For the first time, AAP recommends that pediatricians discuss long-acting, reversible contraception before other birth control methods for teens, citing the "efficacy, safety and ease of use" of LARC.

The organization also recommends that pediatricians encourage using condoms for every sexual act, which reduces the risk of sexually-transmitted diseases.

These guidelines are backed up by a new study which says IUDs and implants could cut pregnancy rates by almost 80 percent in sexually active teens.

Researchers studied 1,404 teenagers who were offered free birth control of their choice. A majority chose LARC, such as IUD or implant.

After three years, their pregnancy rate was 3.4 percent, compared with almost 16 percent in the general sexually active teen population, ABC News reported.

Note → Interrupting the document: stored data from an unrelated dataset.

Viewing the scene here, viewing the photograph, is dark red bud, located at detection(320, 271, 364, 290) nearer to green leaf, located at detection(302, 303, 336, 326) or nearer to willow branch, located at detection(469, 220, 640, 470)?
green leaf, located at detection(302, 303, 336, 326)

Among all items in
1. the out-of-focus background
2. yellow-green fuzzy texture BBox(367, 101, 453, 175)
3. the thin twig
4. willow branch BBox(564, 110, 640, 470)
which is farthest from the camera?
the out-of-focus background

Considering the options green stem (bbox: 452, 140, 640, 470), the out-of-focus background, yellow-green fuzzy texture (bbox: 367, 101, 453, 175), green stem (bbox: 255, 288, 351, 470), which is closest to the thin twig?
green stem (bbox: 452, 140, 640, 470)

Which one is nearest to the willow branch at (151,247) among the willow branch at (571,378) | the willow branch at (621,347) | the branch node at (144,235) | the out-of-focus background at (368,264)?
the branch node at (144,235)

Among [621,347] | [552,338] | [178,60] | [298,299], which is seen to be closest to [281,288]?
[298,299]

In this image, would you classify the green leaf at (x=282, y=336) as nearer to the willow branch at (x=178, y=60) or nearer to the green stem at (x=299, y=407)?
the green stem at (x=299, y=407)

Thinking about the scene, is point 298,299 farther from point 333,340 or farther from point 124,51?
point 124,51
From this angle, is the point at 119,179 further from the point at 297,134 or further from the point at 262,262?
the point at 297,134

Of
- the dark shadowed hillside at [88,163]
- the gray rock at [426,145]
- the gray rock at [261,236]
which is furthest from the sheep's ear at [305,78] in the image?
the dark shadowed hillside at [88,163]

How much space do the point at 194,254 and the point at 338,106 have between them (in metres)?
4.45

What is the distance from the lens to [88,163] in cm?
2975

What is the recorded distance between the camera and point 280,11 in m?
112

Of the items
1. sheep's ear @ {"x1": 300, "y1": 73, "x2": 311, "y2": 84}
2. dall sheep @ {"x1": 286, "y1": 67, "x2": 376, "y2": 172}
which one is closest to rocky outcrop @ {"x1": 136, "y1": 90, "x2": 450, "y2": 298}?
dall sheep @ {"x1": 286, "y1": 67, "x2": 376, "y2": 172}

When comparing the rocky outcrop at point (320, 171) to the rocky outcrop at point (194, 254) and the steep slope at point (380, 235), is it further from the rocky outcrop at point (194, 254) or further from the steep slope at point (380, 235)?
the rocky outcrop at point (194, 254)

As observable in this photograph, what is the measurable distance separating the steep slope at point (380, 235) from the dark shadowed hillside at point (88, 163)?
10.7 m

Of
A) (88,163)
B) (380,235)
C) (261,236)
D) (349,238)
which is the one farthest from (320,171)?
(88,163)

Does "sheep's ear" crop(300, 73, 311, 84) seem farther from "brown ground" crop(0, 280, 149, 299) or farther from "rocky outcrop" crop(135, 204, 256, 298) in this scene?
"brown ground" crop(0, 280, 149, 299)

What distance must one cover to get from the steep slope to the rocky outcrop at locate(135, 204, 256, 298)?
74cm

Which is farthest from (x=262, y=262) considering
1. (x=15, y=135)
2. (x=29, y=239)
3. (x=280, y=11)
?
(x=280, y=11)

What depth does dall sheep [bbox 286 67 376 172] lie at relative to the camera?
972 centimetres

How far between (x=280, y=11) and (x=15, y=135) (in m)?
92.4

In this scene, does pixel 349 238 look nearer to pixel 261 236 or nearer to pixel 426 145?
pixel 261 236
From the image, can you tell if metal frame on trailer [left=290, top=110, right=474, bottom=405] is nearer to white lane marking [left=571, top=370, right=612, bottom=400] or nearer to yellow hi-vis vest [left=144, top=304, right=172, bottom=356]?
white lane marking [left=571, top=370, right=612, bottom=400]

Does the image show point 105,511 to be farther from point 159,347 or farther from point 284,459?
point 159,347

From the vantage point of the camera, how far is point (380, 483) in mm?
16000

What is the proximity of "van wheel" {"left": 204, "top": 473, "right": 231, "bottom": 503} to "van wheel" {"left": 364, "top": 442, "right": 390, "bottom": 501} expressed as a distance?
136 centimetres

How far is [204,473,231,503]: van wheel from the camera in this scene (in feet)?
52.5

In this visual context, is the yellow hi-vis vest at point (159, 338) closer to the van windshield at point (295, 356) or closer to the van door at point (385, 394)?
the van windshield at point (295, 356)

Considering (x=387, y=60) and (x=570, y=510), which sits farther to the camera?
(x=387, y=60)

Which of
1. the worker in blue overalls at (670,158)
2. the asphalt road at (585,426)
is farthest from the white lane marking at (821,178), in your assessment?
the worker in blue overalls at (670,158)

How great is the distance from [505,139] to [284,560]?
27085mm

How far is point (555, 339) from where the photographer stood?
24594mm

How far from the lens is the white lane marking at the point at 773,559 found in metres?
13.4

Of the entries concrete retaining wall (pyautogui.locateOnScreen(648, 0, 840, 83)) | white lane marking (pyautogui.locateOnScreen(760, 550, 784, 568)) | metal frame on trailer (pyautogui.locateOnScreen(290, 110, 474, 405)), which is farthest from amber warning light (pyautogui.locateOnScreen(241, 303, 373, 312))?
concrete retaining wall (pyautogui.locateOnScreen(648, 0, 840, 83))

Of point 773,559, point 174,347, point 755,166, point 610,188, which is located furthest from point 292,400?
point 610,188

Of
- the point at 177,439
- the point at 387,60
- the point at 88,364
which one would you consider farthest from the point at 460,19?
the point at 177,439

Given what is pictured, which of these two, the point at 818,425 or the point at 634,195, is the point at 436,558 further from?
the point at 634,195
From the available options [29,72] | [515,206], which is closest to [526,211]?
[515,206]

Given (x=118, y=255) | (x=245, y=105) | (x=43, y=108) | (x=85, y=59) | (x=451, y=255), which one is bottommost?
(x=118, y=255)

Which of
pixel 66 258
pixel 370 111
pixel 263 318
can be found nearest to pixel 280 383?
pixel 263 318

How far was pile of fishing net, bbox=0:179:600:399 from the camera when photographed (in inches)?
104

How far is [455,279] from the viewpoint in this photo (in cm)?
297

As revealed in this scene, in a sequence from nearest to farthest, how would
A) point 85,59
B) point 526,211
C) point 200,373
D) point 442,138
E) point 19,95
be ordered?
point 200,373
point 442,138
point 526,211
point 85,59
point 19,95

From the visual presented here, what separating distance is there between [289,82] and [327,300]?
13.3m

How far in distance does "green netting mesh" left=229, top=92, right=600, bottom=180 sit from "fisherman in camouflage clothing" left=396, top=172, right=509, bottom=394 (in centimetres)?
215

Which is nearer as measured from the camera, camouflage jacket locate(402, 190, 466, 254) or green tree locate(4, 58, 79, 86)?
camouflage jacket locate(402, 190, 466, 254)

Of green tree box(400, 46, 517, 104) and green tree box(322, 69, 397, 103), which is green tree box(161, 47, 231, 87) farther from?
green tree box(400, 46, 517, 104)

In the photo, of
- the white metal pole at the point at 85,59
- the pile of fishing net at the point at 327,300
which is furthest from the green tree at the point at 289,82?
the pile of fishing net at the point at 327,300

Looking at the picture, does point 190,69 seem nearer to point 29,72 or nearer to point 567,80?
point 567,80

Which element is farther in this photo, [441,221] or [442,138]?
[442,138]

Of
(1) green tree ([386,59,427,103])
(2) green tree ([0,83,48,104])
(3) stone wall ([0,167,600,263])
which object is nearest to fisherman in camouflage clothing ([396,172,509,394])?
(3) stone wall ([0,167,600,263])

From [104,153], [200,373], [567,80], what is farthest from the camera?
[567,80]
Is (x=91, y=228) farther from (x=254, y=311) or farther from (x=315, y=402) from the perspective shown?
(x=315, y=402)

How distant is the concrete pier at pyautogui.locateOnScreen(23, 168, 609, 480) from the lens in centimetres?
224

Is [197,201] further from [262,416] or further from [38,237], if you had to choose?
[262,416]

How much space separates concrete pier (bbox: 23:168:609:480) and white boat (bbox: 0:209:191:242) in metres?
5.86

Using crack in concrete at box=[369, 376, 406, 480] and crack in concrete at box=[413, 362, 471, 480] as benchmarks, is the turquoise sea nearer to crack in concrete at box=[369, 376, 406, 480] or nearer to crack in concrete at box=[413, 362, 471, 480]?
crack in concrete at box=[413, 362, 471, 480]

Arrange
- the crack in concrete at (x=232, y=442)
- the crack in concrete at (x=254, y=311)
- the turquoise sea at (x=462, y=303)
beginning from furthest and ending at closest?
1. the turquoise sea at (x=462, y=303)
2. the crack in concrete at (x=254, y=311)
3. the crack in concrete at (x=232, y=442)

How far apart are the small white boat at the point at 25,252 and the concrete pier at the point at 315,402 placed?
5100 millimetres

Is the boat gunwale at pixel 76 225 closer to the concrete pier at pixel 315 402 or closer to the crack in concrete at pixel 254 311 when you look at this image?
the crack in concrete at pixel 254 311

IUDs are small, T-shaped devices which are inserted into the uterus by a doctor. An IUDh can prevent pregnancy for up to 10 years with a failure rate of about 0.8 percent, according to the Centers for Disease Control and Prevention.

Implants, which are thin rods inserted under the skin on the upper arm, release progestin and last for about three years, with a failure rate of 0.05 percent.

Both methods require more interaction with doctors than other commonly used birth control methods, such as condoms.

High condom use is partly due to cost and the ease of access. Cost and access to doctors can make it more challenging for teens to use LARC methods, Dr. Mary Ott, an adolescent medicine specialist at Indiana University and lead author of the AAP guidelines acknowledged to the Washington Post.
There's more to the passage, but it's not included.